A character-encoding scheme is a mapping between a coded character set and a set of octet (eight-bit byte) sequences. UTF-8, UCS-2, UTF-16, ISO 2022, and EUC are examples of character-encoding schemes. Encoding schemes are often associated with a particular coded character set; UTF-8, for example, is used only to encode Unicode. Some schemes, however, are associated with multiple character sets; EUC, for example, can be used to encode characters in a variety of Asian character sets.

When a coded character set is used exclusively with a single character-encoding scheme then the corresponding charset is usually named for the character set; otherwise a charset is usually named for the encoding scheme and, possibly, the locale of the character sets that it supports.
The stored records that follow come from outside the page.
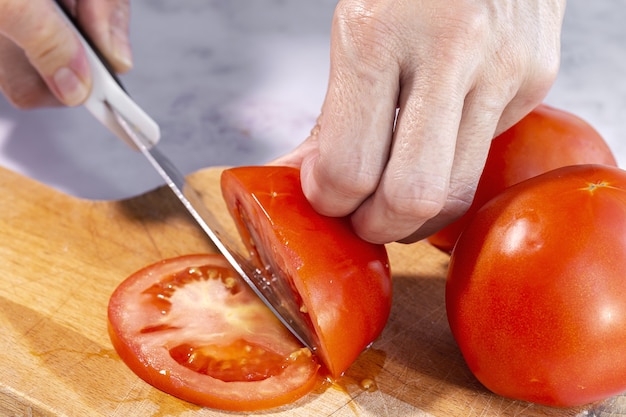 mulher com as mãos cortando fatias de tomate fresco em uma placa de madeira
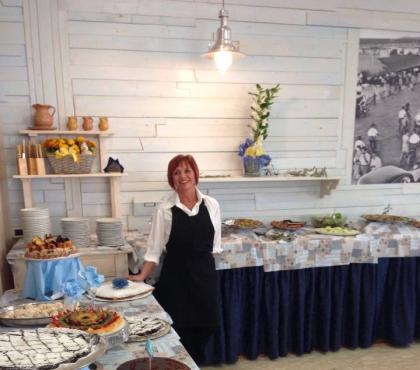 Buffet di dolci con torte varie, donna sorridente accanto al tavolo.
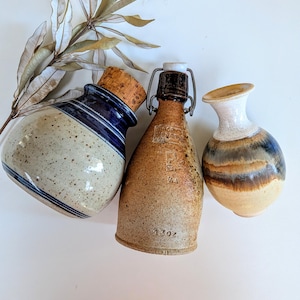 May include: Three ceramic vessels: a speckled beige and blue jar with a cork stopper, a tan bottle with a metal swing-top closure marked 13oz, and a small vase with a white neck and brown, blue, and tan horizontal bands on the body.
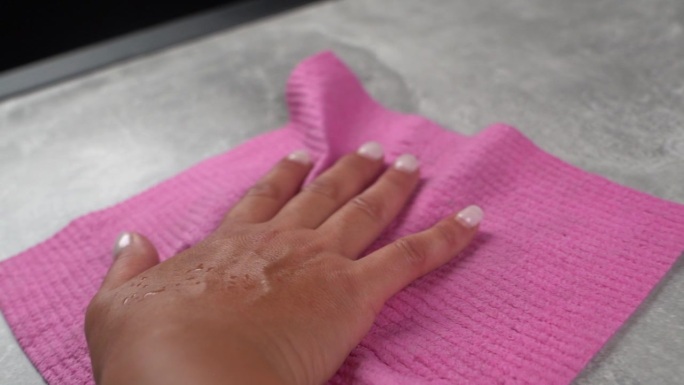 女人用涂了指甲油的手用粉红色的清洁布擦拭灰色的桌子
Hence US-ASCII is the name of the charset for US-ASCII while EUC-JP is the name of the charset that encodes the JIS X 0201, JIS X 0208, and JIS X 0212 character sets.

The native character encoding of the Java programming language is UTF-16. A charset in the Java platform therefore defines a mapping between sequences of sixteen-bit UTF-16 code units and sequences of bytes.

Since:
1.4
See Also:
CharsetDecoder, CharsetEncoder, CharsetProvider, Character

Constructor Summary
protected Charset(String canonicalName, String[] aliases)
          Initializes a new charset with the given canonical name and alias set.
 
Method Summary
 Set<String> aliases()
          Returns a set containing this charset's aliases.
static SortedMap<String,Charset> availableCharsets()
          Constructs a sorted map from canonical charset names to charset objects.
 boolean canEncode()
          Tells whether or not this charset supports encoding.
 int compareTo(Charset that)
          Compares this charset to another.
abstract  boolean contains(Charset cs)
          Tells whether or not this charset contains the given charset.
 CharBuffer decode(ByteBuffer bb)
          Convenience method that decodes bytes in this charset into Unicode characters.
static Charset defaultCharset()
          Returns the default charset of this Java virtual machine.
 String displayName()
          Returns this charset's human-readable name for the default locale.
 String displayName(Locale locale)
          Returns this charset's human-readable name for the given locale.
 ByteBuffer encode(CharBuffer cb)
          Convenience method that encodes Unicode characters into bytes in this charset.
 ByteBuffer encode(String str)
          Convenience method that encodes a string into bytes in this charset.
 boolean equals(Object ob)
          Tells whether or not this object is equal to another.
static Charset forName(String charsetName)
          Returns a charset object for the named charset.
 int hashCode()
          Computes a hashcode for this charset.
 boolean isRegistered()
          Tells whether or not this charset is registered in the IANA Charset Registry.
static boolean isSupported(String charsetName)
          Tells whether the named charset is supported.
 String name()
          Returns this charset's canonical name.
abstract  CharsetDecoder newDecoder()
          Constructs a new decoder for this charset.
abstract  CharsetEncoder newEncoder()
          Constructs a new encoder for this charset.
 String toString()
          Returns a string describing this charset.
 
Methods inherited from class java.lang.Object
clone, finalize, getClass, notify, notifyAll, wait, wait, wait
 
Constructor Detail

Charset

protected Charset(String canonicalName,
                  String[] aliases)
Initializes a new charset with the given canonical name and alias set.